● **Your objective**
Copy out every line below without alteration.

_ _ _ _

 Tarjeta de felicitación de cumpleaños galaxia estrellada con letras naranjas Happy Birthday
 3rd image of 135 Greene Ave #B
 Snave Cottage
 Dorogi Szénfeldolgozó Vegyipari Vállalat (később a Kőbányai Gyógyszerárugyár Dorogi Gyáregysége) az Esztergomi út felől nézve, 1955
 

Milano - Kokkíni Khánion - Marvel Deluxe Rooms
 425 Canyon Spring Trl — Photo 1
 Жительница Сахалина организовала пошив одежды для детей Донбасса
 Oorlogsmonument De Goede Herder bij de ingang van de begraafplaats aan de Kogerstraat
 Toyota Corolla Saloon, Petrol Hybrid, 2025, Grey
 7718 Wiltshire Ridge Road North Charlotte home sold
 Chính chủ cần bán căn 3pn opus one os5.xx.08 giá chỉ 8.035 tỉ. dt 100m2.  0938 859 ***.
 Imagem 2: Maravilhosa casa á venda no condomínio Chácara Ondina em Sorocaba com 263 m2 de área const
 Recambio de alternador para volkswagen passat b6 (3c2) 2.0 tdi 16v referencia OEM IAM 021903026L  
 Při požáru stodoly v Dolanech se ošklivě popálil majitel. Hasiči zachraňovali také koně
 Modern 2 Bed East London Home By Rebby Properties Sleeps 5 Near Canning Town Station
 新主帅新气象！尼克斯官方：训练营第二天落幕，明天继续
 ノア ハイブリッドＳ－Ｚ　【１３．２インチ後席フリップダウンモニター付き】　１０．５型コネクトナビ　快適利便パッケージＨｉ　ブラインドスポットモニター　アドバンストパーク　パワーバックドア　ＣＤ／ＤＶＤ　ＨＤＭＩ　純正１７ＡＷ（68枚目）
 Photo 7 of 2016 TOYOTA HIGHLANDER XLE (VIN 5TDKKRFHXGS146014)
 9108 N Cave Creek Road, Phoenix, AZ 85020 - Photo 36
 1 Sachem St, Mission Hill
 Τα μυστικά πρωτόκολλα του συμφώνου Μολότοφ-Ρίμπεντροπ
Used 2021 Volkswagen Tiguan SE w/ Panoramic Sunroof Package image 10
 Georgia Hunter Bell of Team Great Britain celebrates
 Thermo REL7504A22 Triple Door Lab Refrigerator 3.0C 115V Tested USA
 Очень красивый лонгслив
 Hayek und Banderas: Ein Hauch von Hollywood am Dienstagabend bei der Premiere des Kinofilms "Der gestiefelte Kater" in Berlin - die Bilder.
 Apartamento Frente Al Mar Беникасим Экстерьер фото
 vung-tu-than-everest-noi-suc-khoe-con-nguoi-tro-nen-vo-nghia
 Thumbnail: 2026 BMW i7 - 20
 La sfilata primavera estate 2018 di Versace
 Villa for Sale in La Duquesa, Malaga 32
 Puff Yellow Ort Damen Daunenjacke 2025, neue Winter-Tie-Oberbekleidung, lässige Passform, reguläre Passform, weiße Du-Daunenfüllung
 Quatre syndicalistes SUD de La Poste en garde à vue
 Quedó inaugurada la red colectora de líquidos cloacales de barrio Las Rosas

_ _ _ _

● **Answer area**
 Tarjeta de felicitación de cumpleaños galaxia estrellada con letras naranjas Happy Birthday
 3rd image of 135 Greene Ave #B
 Snave Cottage
 Dorogi Szénfeldolgozó Vegyipari Vállalat (később a Kőbányai Gyógyszerárugyár Dorogi Gyáregysége) az Esztergomi út felől nézve, 1955
 

Milano - Kokkíni Khánion - Marvel Deluxe Rooms
 425 Canyon Spring Trl — Photo 1
 Жительница Сахалина организовала пошив одежды для детей Донбасса
 Oorlogsmonument De Goede Herder bij de ingang van de begraafplaats aan de Kogerstraat
 Toyota Corolla Saloon, Petrol Hybrid, 2025, Grey
 7718 Wiltshire Ridge Road North Charlotte home sold
 Chính chủ cần bán căn 3pn opus one os5.xx.08 giá chỉ 8.035 tỉ. dt 100m2.  0938 859 ***.
 Imagem 2: Maravilhosa casa á venda no condomínio Chácara Ondina em Sorocaba com 263 m2 de área const
 Recambio de alternador para volkswagen passat b6 (3c2) 2.0 tdi 16v referencia OEM IAM 021903026L  
 Při požáru stodoly v Dolanech se ošklivě popálil majitel. Hasiči zachraňovali také koně
 Modern 2 Bed East London Home By Rebby Properties Sleeps 5 Near Canning Town Station
 新主帅新气象！尼克斯官方：训练营第二天落幕，明天继续
 ノア ハイブリッドＳ－Ｚ　【１３．２インチ後席フリップダウンモニター付き】　１０．５型コネクトナビ　快適利便パッケージＨｉ　ブラインドスポットモニター　アドバンストパーク　パワーバックドア　ＣＤ／ＤＶＤ　ＨＤＭＩ　純正１７ＡＷ（68枚目）
 Photo 7 of 2016 TOYOTA HIGHLANDER XLE (VIN 5TDKKRFHXGS146014)
 9108 N Cave Creek Road, Phoenix, AZ 85020 - Photo 36
 1 Sachem St, Mission Hill
 Τα μυστικά πρωτόκολλα του συμφώνου Μολότοφ-Ρίμπεντροπ
Used 2021 Volkswagen Tiguan SE w/ Panoramic Sunroof Package image 10
 Georgia Hunter Bell of Team Great Britain celebrates
 Thermo REL7504A22 Triple Door Lab Refrigerator 3.0C 115V Tested USA
 Очень красивый лонгслив
 Hayek und Banderas: Ein Hauch von Hollywood am Dienstagabend bei der Premiere des Kinofilms "Der gestiefelte Kater" in Berlin - die Bilder.
 Apartamento Frente Al Mar Беникасим Экстерьер фото
 vung-tu-than-everest-noi-suc-khoe-con-nguoi-tro-nen-vo-nghia
 Thumbnail: 2026 BMW i7 - 20
 La sfilata primavera estate 2018 di Versace
 Villa for Sale in La Duquesa, Malaga 32
 Puff Yellow Ort Damen Daunenjacke 2025, neue Winter-Tie-Oberbekleidung, lässige Passform, reguläre Passform, weiße Du-Daunenfüllung
 Quatre syndicalistes SUD de La Poste en garde à vue
 Quedó inaugurada la red colectora de líquidos cloacales de barrio Las Rosas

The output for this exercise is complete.